Special inspector Mike Hess blowing cement dust from the hole that was just drilled to install #4 rebar. You can see the dust in the air, the holes are then cleaned again with a round brush and blown clean again prior to placing epoxy and rebar.
Don and Freddy placing epoxy into the holes after they had been cleaned. Freddy is following Don and placing the rebar’s into wet epoxy, the rebar’s are turned slowly and pushed down slowly until they bottom out in this case approximately 4.5 inches deep, the bars are turned counter clockwise.
Two # 4’s rebar’s are side by side, all rebar placement is usually spelled out by the engineer on each project.
Julio placing rebar into freshly poured concrete, Julio has a pre-made template, you can see the two notches cut into the template, one for the outside bar and one for the inside bar, there is a cleat or stop on the bottom which fits against the form so each rebar is exactly the same distance from the edge and help line up the panels.
In this photo you can see the edge of the cleat being pushed against the form and this allows the rebar to fit between the foam and wire mesh.
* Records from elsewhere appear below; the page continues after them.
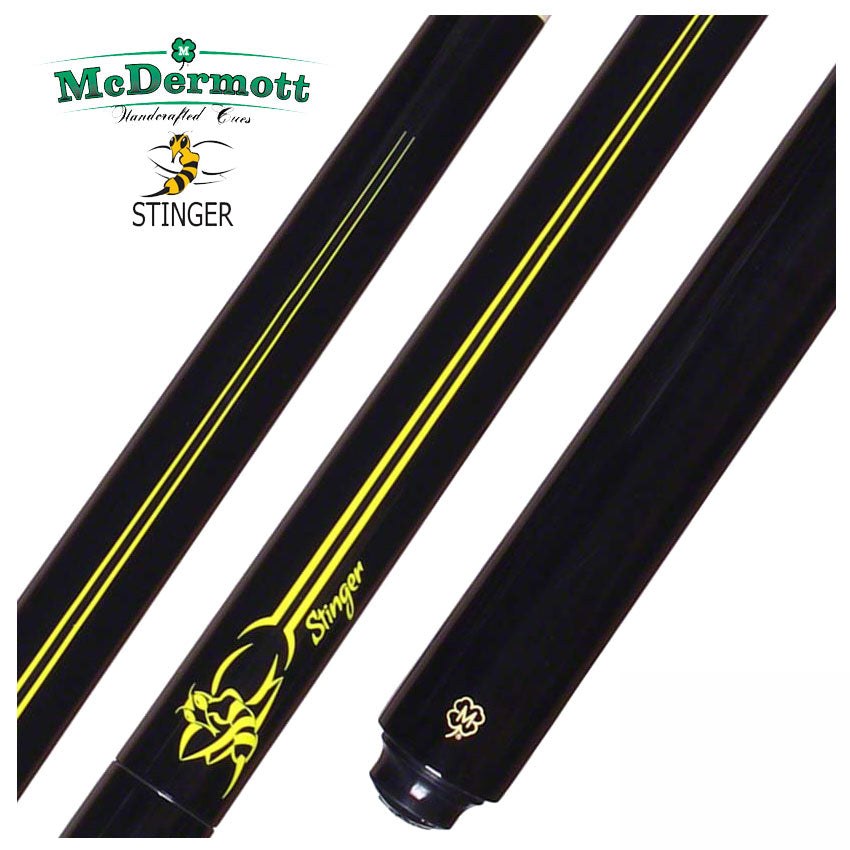 McDermott Stinger Black and Yellow No Wrap Break/Jump Cue - NG06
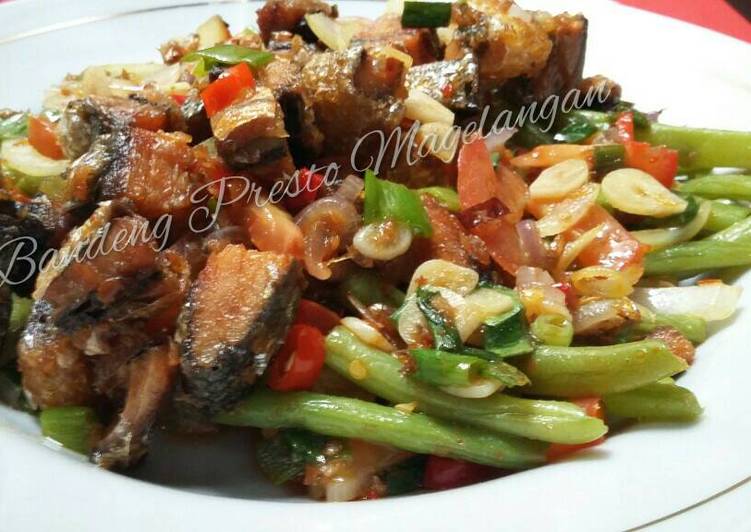 resep makanan Bandeng presto Magelangan tumis buncis pedas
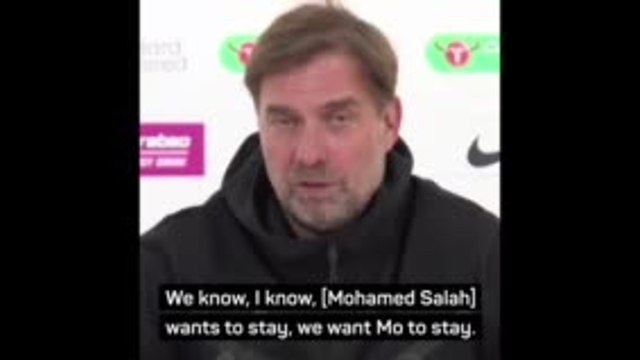 ‘Salah wants to stay at Liverpool’, insists Klopp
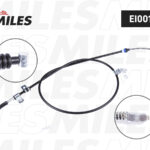 Трос стояночного тормоза правый COROLLA E12 04-06 EI001457 EI001457-MILES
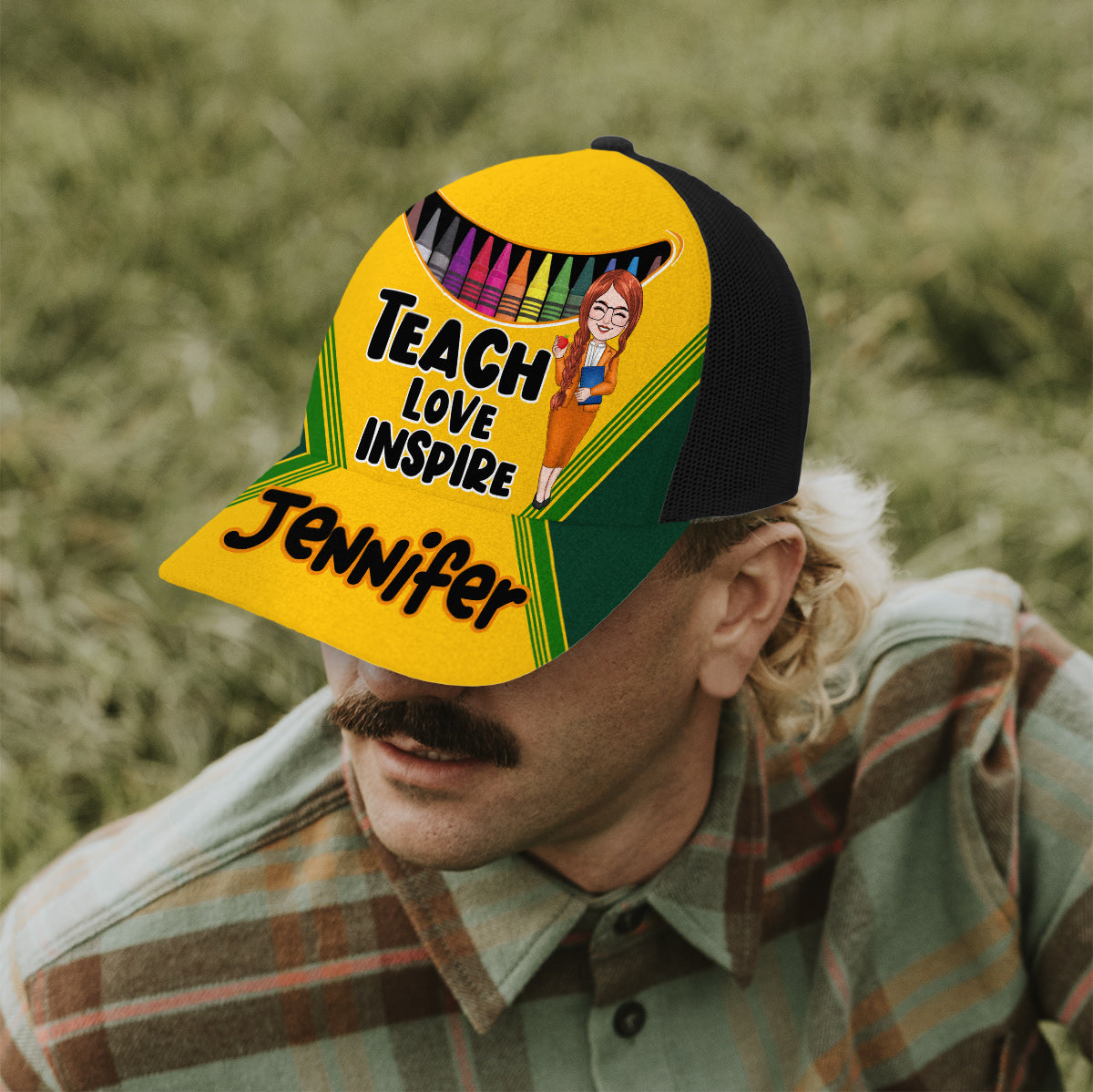 Positive Affirmations Butterfly - Personalized Butterfly Trucker Hat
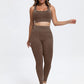 Scoop Neck Wide Strap Top & Pants Active Set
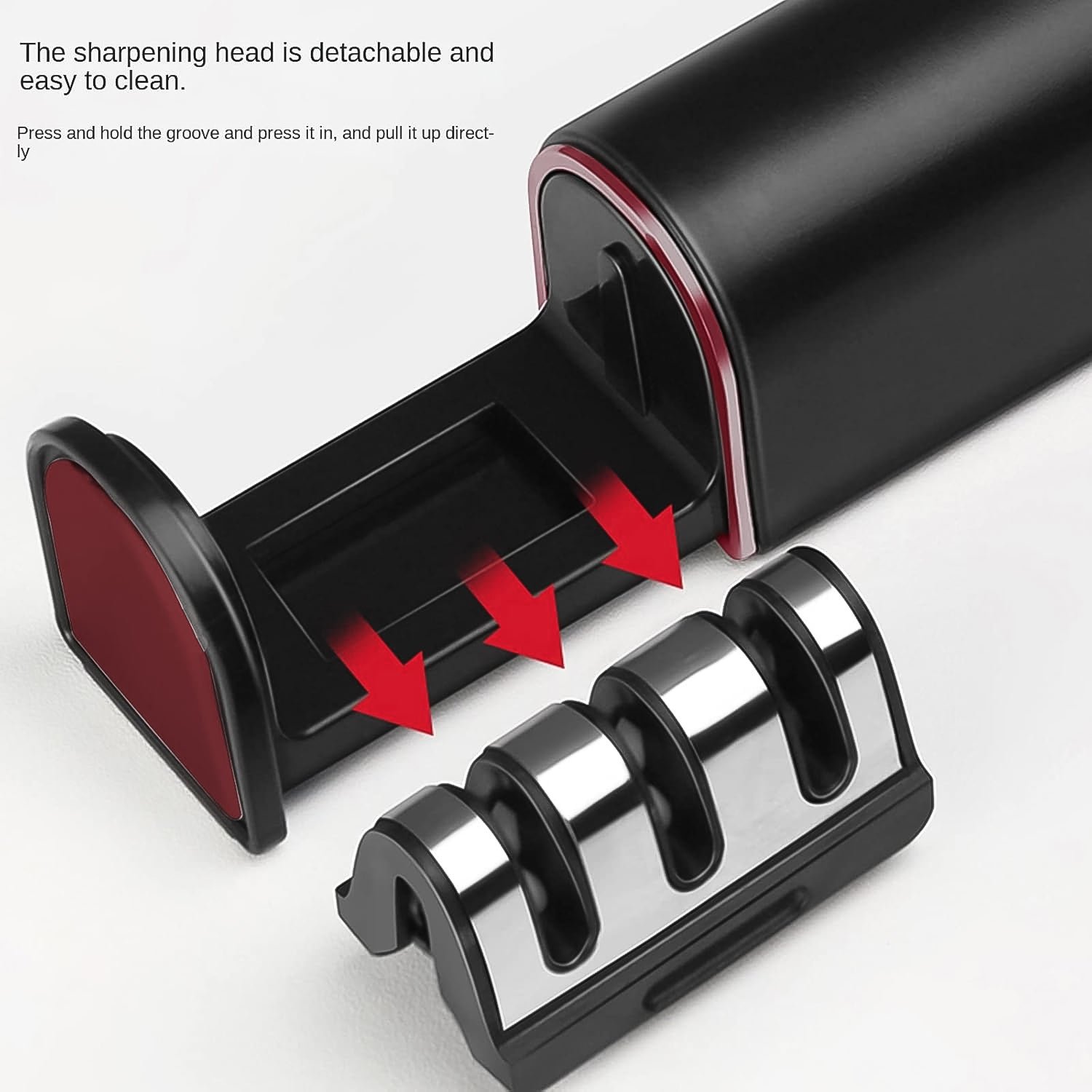 3-Stage Knife Sharpener, Knife grinder Three-sided blade for both water (1 Pc) - Image 3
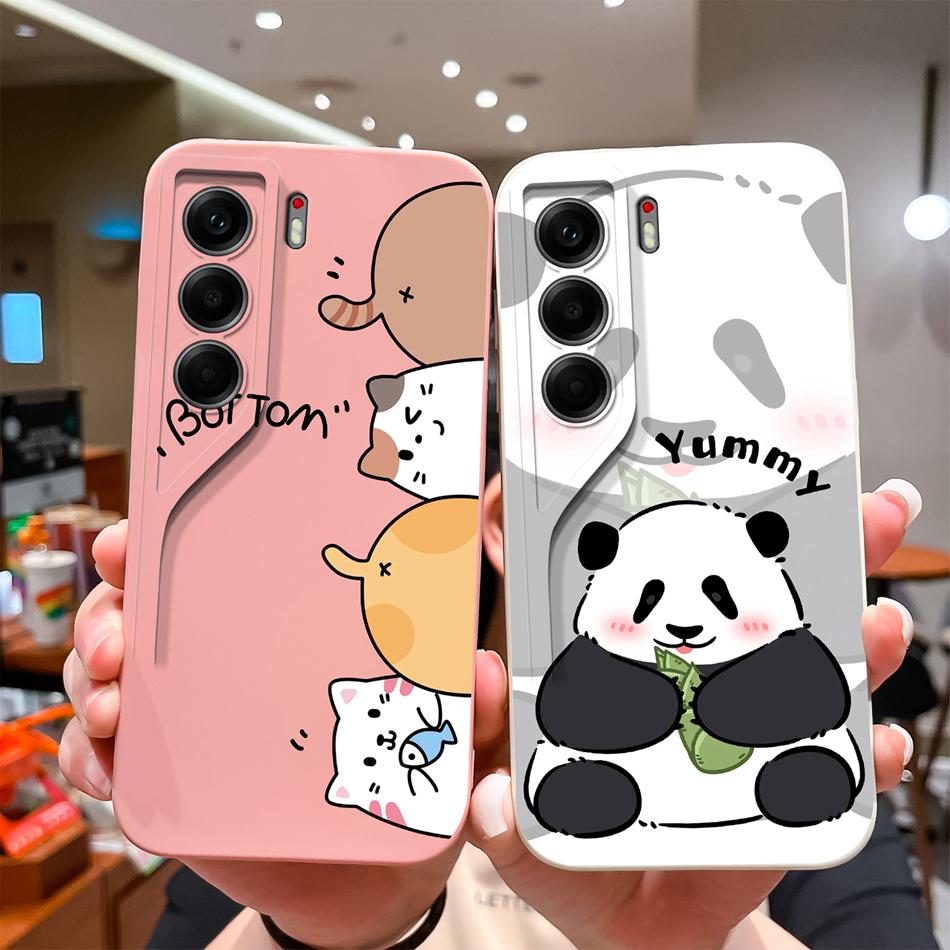 For Tecno Camon 40 Pro Phone Case Cute Animals Soft Back Cover Liquid Silicone Phone Shell For Camon40 Pro 4G 5G Anti Drop Funda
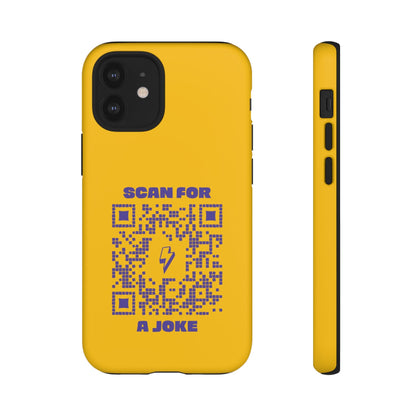 Fun – Tough Case – Yellow – Scan for a Joke - QR NATION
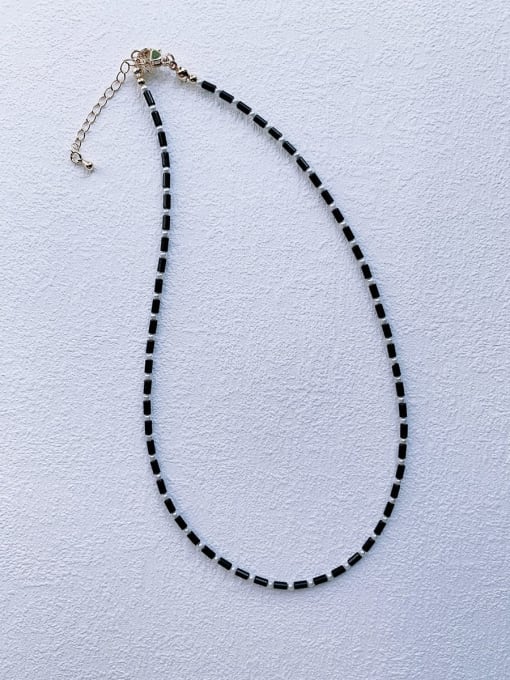 Scarlet White N-STPE-0002 Natural  Gemstone Crystal Beads Chain Handmade Beaded Necklace 4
I usually crowd the foam side, this helps the Tridipanels to be installed quickly and in a straight line, I highly recommend this method.
Julio fastening a surround for the finished door jam to be placed into, he is fasting a metal clip to the bottom of the jam, the clip is then shot into the slab with a low V power gun, a spreader plate is placed across the base so the temp jam can’t move.
The black line in front of the temporary jam is the finished cement, this jam is set exactly on this finish line, the lines are sprayed with clear lacquered paint and used as a reference, you can see the metal clip and orange plastic around he head of the concrete pin behind the rebar’s, also the black line is for the finish cement, the red is the line for the wire mesh and panels to set on.